_Web page caption snippets_
══════

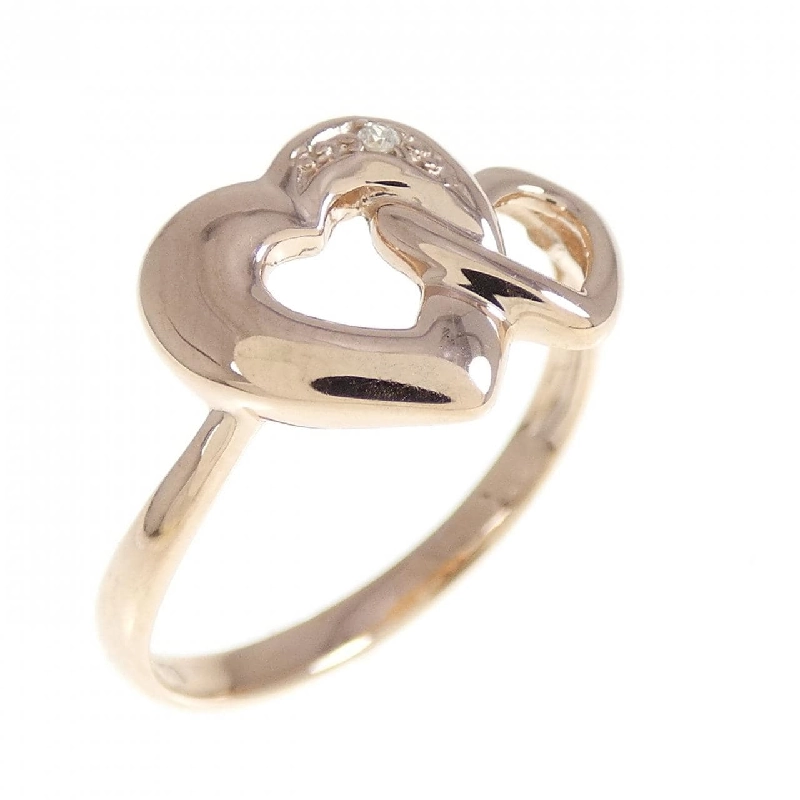 Nhẫn kim cương K10PG hình trái tim 0.005CT 669905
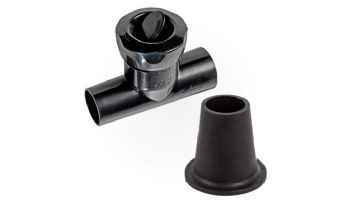 Hayward Poolvergneugen Adjustable Regulator Valve Black with Black Hose Cone | 896584000-969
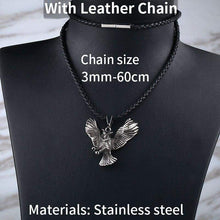 Load image into Gallery viewer, owl pendant necklace for Men Stainless Steel Jewelry
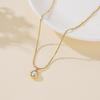 Elegant 18K Gold Titanium Steel Diamond Necklace - Versatile Clavicle Chain with High-End Feel
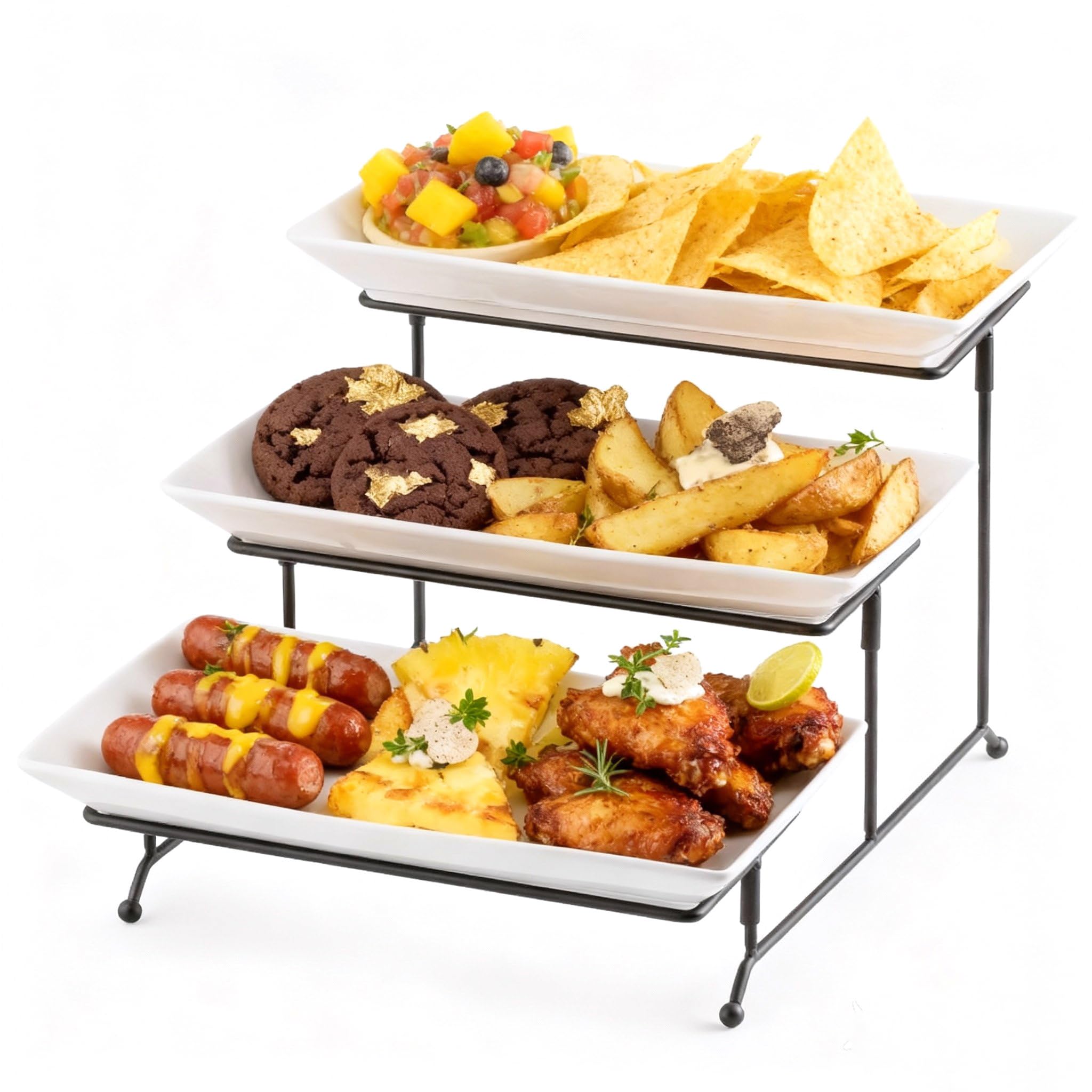 Gomakren 3‑Tier Porcelain Serving Stand
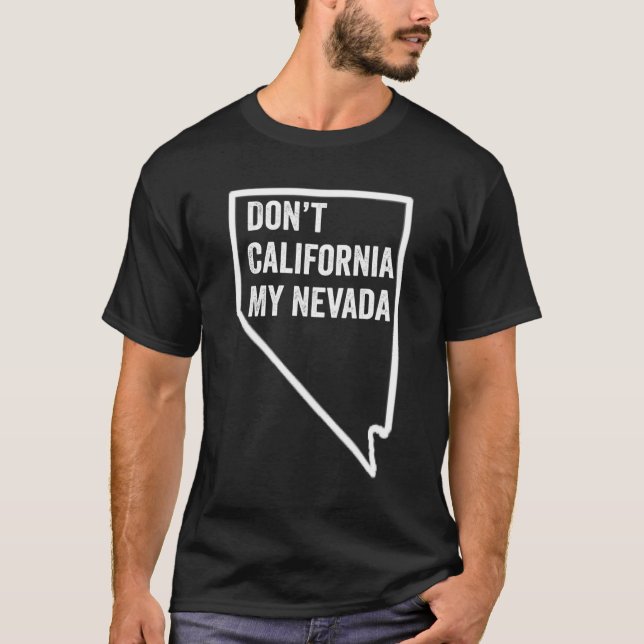 Camiseta Não California My Nevada (Frente)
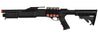 M180C1 Spring Shotgun Ris W/ 4 Bullet Shells, Shell Holder, Retractable Le Stock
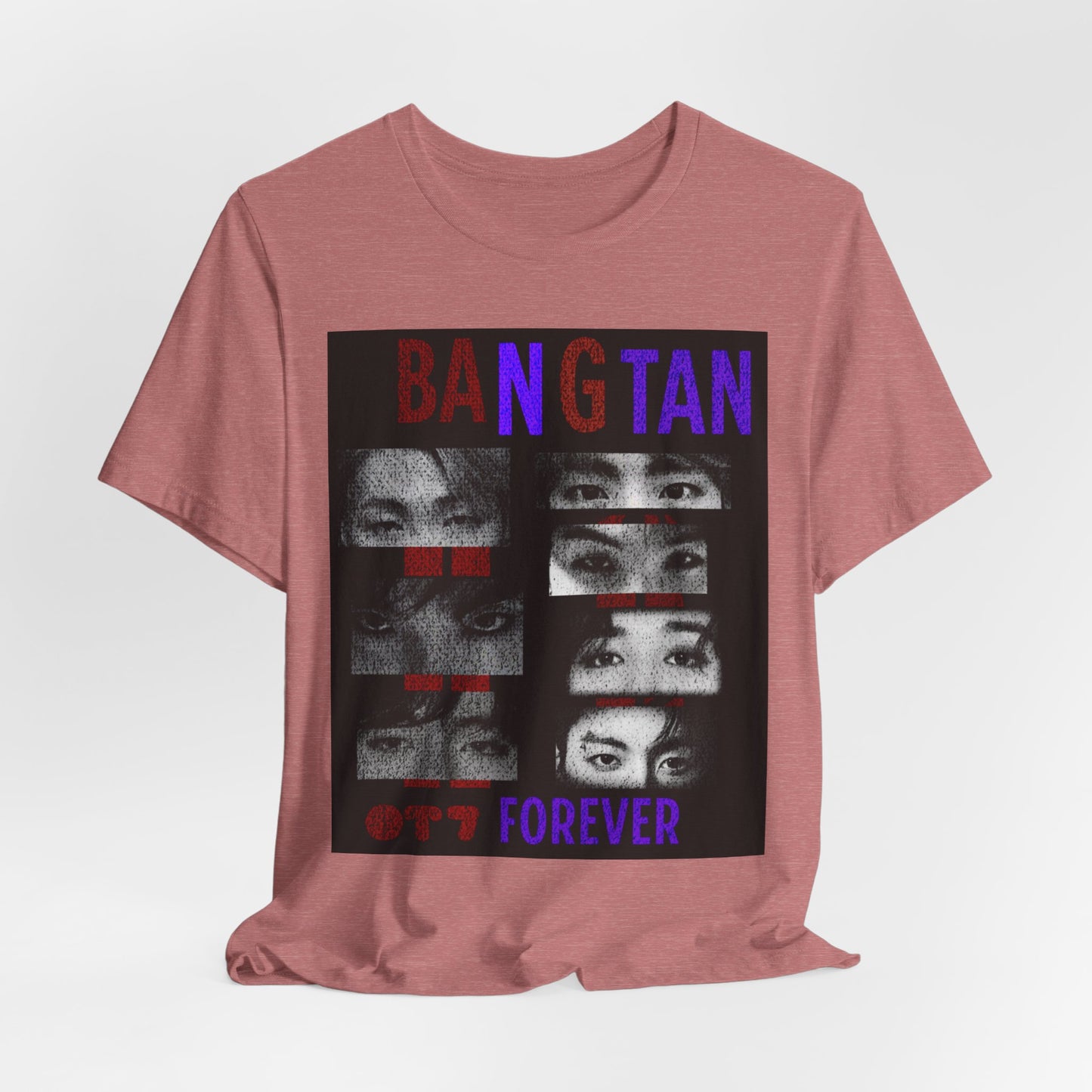 Bangtan Forever BTS Eyes Graphic Tee – K‑Pop Fan Shirt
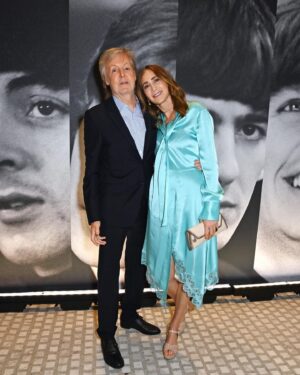 Paul McCartney Instagram - Last night, Paul hosted family and friends at the @nationalportraitgallery in London to celebrate the opening of his new exhibition 'Paul McCartney Photographs 1963-64: Eyes of the Storm' 📷

The exhibition opens to the public tomorrow and runs until 1 October, 2023. Find out more and get tickets via the link in bio. #EyesOfTheStorm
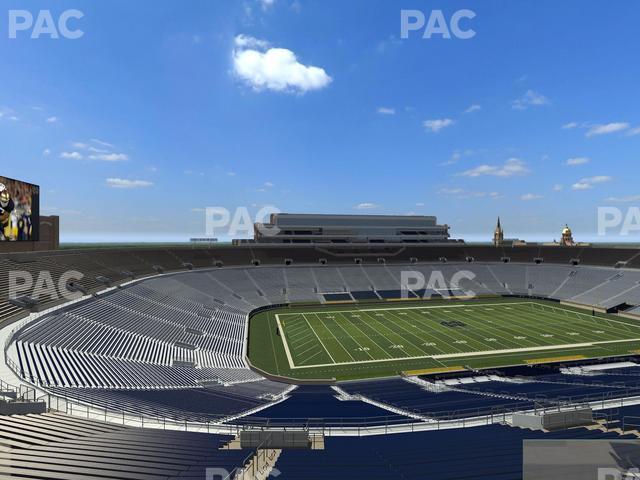 Seating view for Notre Dame Stadium Section Corbett Loge 716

══════

_Action item_
Only the lines from the first line of the entries through the line containing "Bangtan Forever BTS" should be output, exactly as they are, without pictures.

_Solution_
 Nhẫn kim cương K10PG hình trái tim 0.005CT 669905
 Hayward Poolvergneugen Adjustable Regulator Valve Black with Black Hose Cone | 896584000-969
 Load image into Gallery viewer, owl pendant necklace for Men Stainless Steel Jewelry
 Elegant 18K Gold Titanium Steel Diamond Necklace - Versatile Clavicle Chain with High-End Feel
 Gomakren 3‑Tier Porcelain Serving Stand
 Camiseta Não California My Nevada (Frente)
 M180C1 Spring Shotgun Ris W/ 4 Bullet Shells, Shell Holder, Retractable Le Stock
 Bangtan Forever BTS Eyes Graphic Tee – K‑Pop Fan Shirt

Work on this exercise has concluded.